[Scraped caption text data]
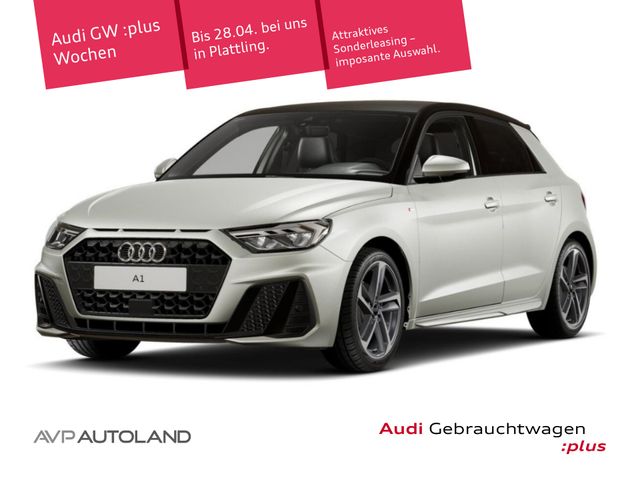 Audi A1 Sportback 25 TFSI S line | ACC | SITZH. |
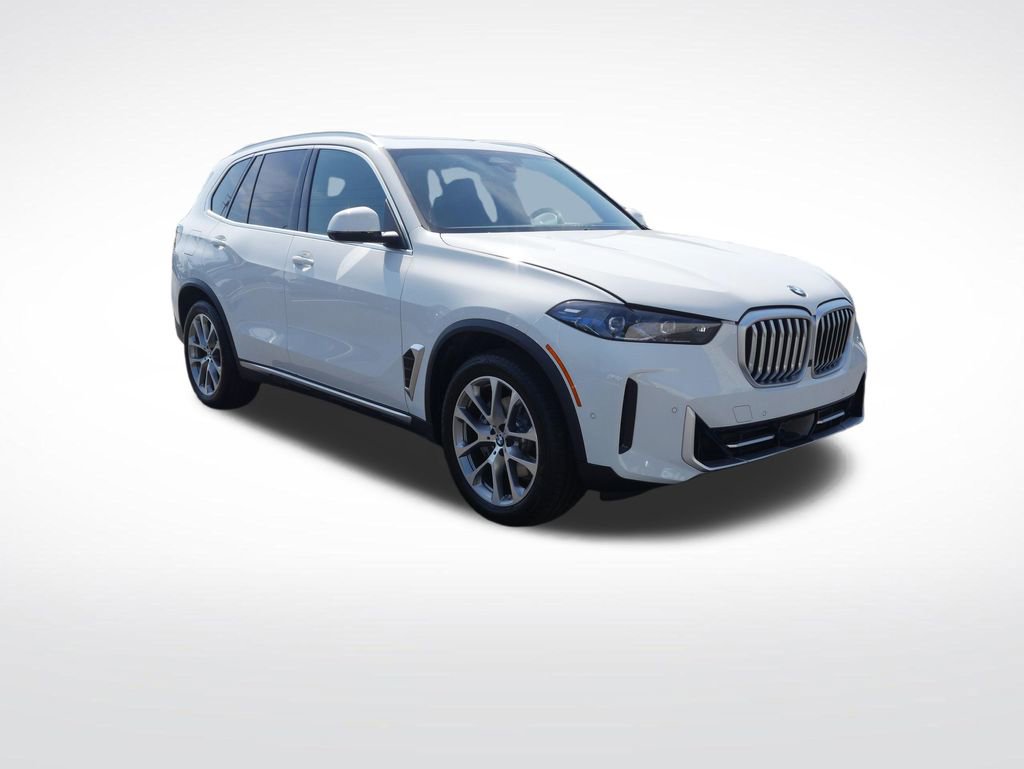 Used 2026 BMW X5 xDrive40i w/ Premium Package AWD/4WD image 7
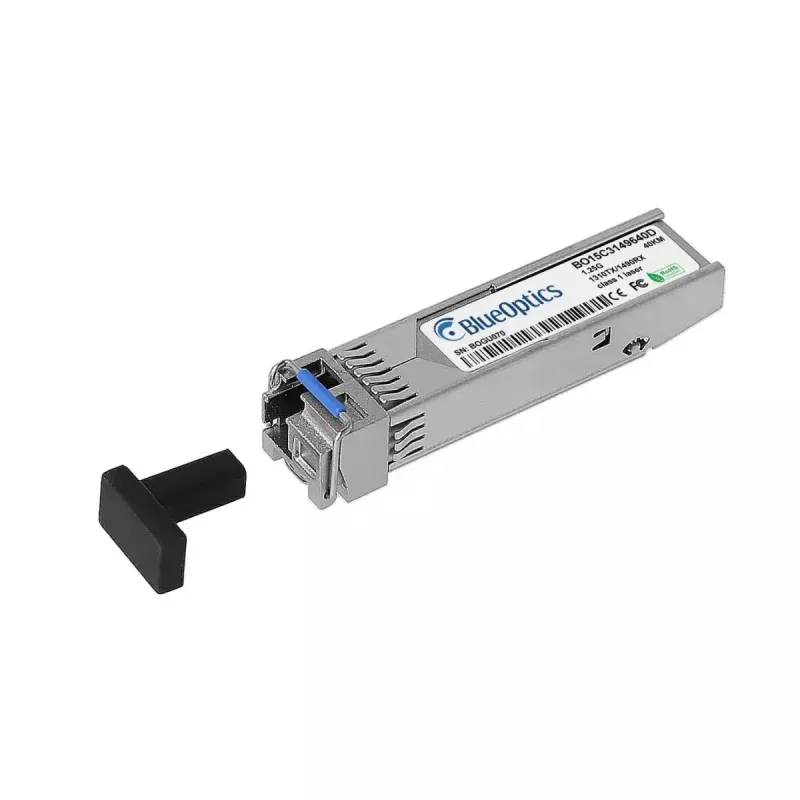 Glasfaser-Transceiver-Modul BlueOptics JMEP01B4U11-BO 1250 Mbit/s SFP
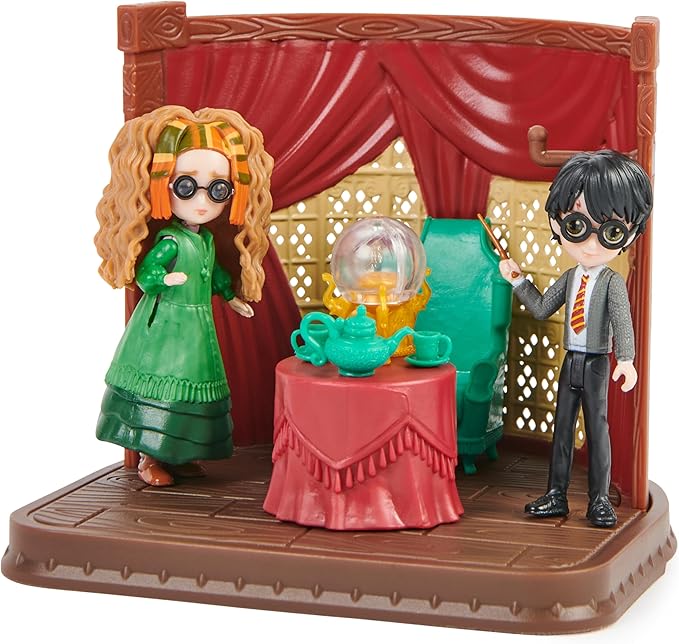 Buy Wizarding World Harry Potter Magical Minis Hogwarts Divination Classroom Playset | Yallatoys.com
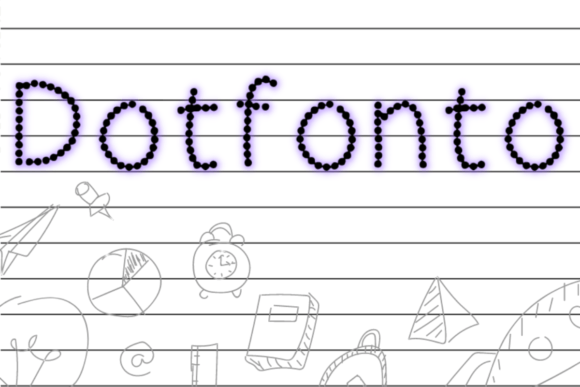 Dotfonto: Transforming Early Childhood Education and Publishing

**Task**
In the reply, give again exactly the lines from the beginning of the entries above through the line with "Glasfaser-Transceiver-Modul BlueOptics JMEP01B4U11-BO"; pictures stay out.

**Finished task**
 Audi A1 Sportback 25 TFSI S line | ACC | SITZH. |
 Used 2026 BMW X5 xDrive40i w/ Premium Package AWD/4WD image 7
 Glasfaser-Transceiver-Modul BlueOptics JMEP01B4U11-BO 1250 Mbit/s SFP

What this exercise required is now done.